Modeling naturalistic argumentation in research literatures: Representation and interaction design issues
Citation: Simon J. Buckingham Shum, Victoria Uren, Gangmin Li, Bertrand Sereno, Clara Mancini (2007) Modeling naturalistic argumentation in research literatures: Representation and interaction design issues. International Journal of Intelligent Systems (RSS)
DOI (original publisher): 10.1002/int.20188
Semantic Scholar (metadata): 10.1002/int.20188
Sci-Hub (fulltext): 10.1002/int.20188
Internet Archive Scholar (search for fulltext): Modeling naturalistic argumentation in research literatures: Representation and interaction design issues
Tagged: scholarly publishing (RSS), argumentation (RSS), digital libraries (RSS), interaction design (RSS), computer-supported argumentation (RSS), Scholarly Ontologies project (RSS), ClaiMaker (RSS), ClaiMapper (RSS), ClaimSpotter (RSS), ClaimFinder (RSS)
Summary
This paper imagines augmenting scientific communication with "a complementary infrastructure that is “native” to the emerging semantic, collaborative web". It then discusses the Scholarly Ontologies project.
Digital libraries do not answer fundamental questions such as
- Which publications support and challenge this document?
- What is the intellectual lineage of this idea?
- What data are there to support this specific claim or prediction?
- Who else is working on this problem?
- Has this approach been used in other fields?
- What logical or analogical connections have been made between these ideas?
These questions "require semantic annotation at a different level from that addressed by conventional metadata or ontologically based markup in semantic web research, which seek to iron out inconsistency, ambiguity, and incompleteness in the way resources are characterized". In particular, disagreement is important, because this is what marks something as research.
Scholarly Ontologies, Cognitive Coherence Relations, ClaiMaker, ClaiMapper, ClaimFinder
Next they describe the discourse ontology, and its theoretical framing in Cognitive Coherence Relations theory (see e.g. Modelling discourse in contested domains: A semiotic and cognitive framework, or the fundamental linguistics papers Coherence relations in a cognitive theory of discourse representation and Towards a taxonomy of coherence relations).
This provides details about the first ClaiMaker prototype, a ClaiMaker Word plug-in, and the pen-and-paper sketching that helped them understand what was missing. The need for a "big picture" led to ClaiMapper, which allows users to draw links between nodes, and to copy nodes by reference.
ClaimSpotter
One problem with ClaimMapper is that users don't always know how to structure their maps. ClaimSpotter deals with this, in three ways:
- By identifying where the author presents and defend arguments (along with ideas for how to break that up into arguments), using text analysis (drawing from CARS, see Summarizing scientific articles: Experiments with relevance and rhetorical status for the method and From scholarly documents to interpretative claims: An approach to bridge the formalisation gulf for the simplification method applied.)
draws from research in hypertext, HCI, CSCW, and computational linguistics.
- Users can collaborate, using Claims and Concepts others have added. "This provides a form of extended “semantic cocitation” that exploits the web of structured annotations and extends the citations of a document."
- The interface allows "capture/editing/construction of claims" based on automated suggestions
Formality/Usability Balance
Based on user comments, they "believe that the design of interfaces for creating claim networks, and possibly argument models in general, may influence the kinds and quality of models produced." They argue that good interfaces can help users to "push the balance toward formality".

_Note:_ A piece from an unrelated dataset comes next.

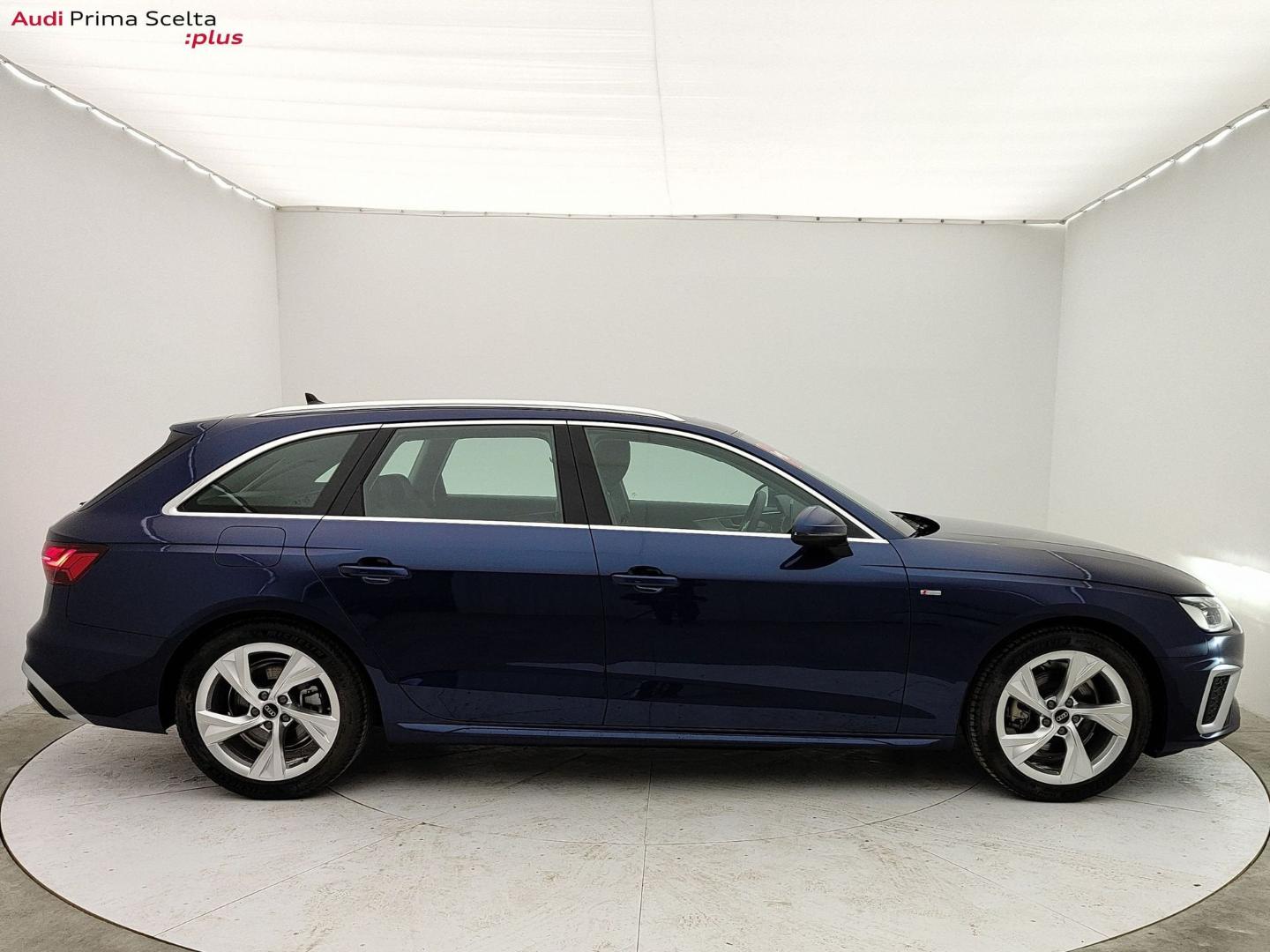 Immagine di Audi A4 Avant S line edition 35 TDI 120 kW (163 CV) S tronic - Vista: for more details contact your dealer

ClaimFinder and Example Use Cases
ClaimFinder generates visualizations of Concepts/Sets/Claims. Various screenshots are presented, along with two use cases, providing discovery services in a Web browser, with a Java applet or alternately a stand-alone Java application.
They provide examples for two use cases:
- Perspective Analysis: “What arguments are there against this paper?”
- Lineage Analysis: "Where did this idea come from?"
These motivate what they call "discourse taxonomy" (the annotation process they have been describing).